“I really am most terribly sorry,” Cecil cleared his throat. “For just dropping by unannounced and uninvited.” Suddenly, his starched collar seemed several sizes too small for his neck, which, he was sure, had flushed as bright as a new pillar-box.
“That’s quite all right.” Lord Brom waved dismissively. His English was impeccable and his manner designed to put his impromptu guest at his ease but those eyes with their heavy lids were like bottomless pits. When you look into the abyss, Cecil had read somewhere, the abyss looks into you. That is certainly what it felt like in Lord Brom’s study under Lord Brom’s unblinking scrutiny.
“A drink, perhaps?” Lord Brom moved over to a cabinet heavy with lead crystal decanters and goblets.
It’s a test, Cecil panicked! If I say yes to hard liquor, he will consider me a raging dipsomaniac, but if I decline, he will think me less than a man and therefore an unsuitable suitor for his only daughter.
“A sherry, perhaps?” Lord Brom lifted a decanter. The golden liquid flashed in the lamp light.
Cecil stammered out his thanks. When he accepted the drink, his hand was shaking so much, he feared he might spill the whole bally lot down his clothes or –worse! – on the expensive and antiquated Persian carpet upon which his boots had the temerity to stand.
Lord Brom questioned him about his situation and prospects. Cecil sipped the sherry to prevent his mouth drying up completely. He was a clerk in an accountancy firm. It was the lowest rung of a tall ladder but the opportunities were there for a hard-working and ambitious young man.
“And are you?” Lord Brom arched one of his luxuriant eyebrows. “Are you hard-working and ambitious, young man?”
Cecil returned the older man’s stare. “Diligent.”
Lord Brom bowed his head; he approved of the answer.
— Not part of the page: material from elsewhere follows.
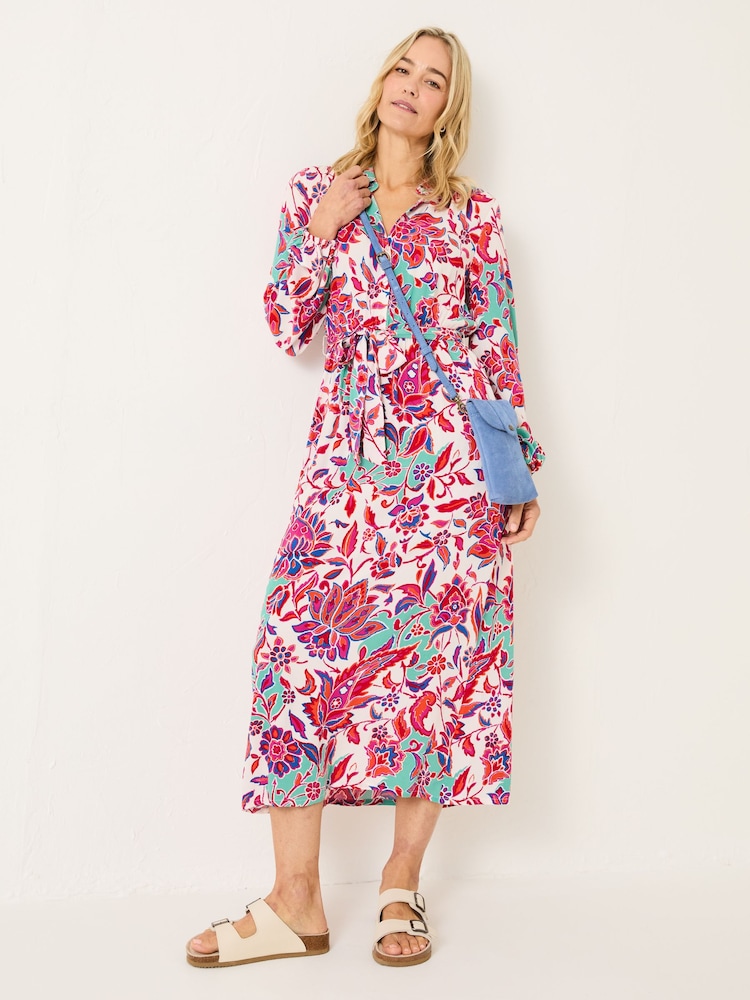FatFace Scheana Pink Floral Midi Dress - Image 2 of 6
“I shan’t torture you any longer.” He rose from his seat and tugged on a bell-pull. “Lucy will be with you presently.”
Lord Brom made to leave but the crashing of glass stopped him in his tracks. He turned to find the fool of a young man lunging for his chest with the neck of a broken decanter.
Cecil intoned Latin phrases as he stabbed the shard into the monster’s heart.
Lord Brom bared his fangs in a silent shriek before vanishing in an explosion of ash.
“I’ll be with you in a minute!” Lucy’s voice called to him from the grand staircase in the hall. “I want you to take me dancing until sunrise.”
Oh, I’ll dance with you all right, thought Cecil Van Helsing, dusting the remains of Lucy’s father from his dinner jacket. He snapped the leg from a chair to make a rudimentary stake.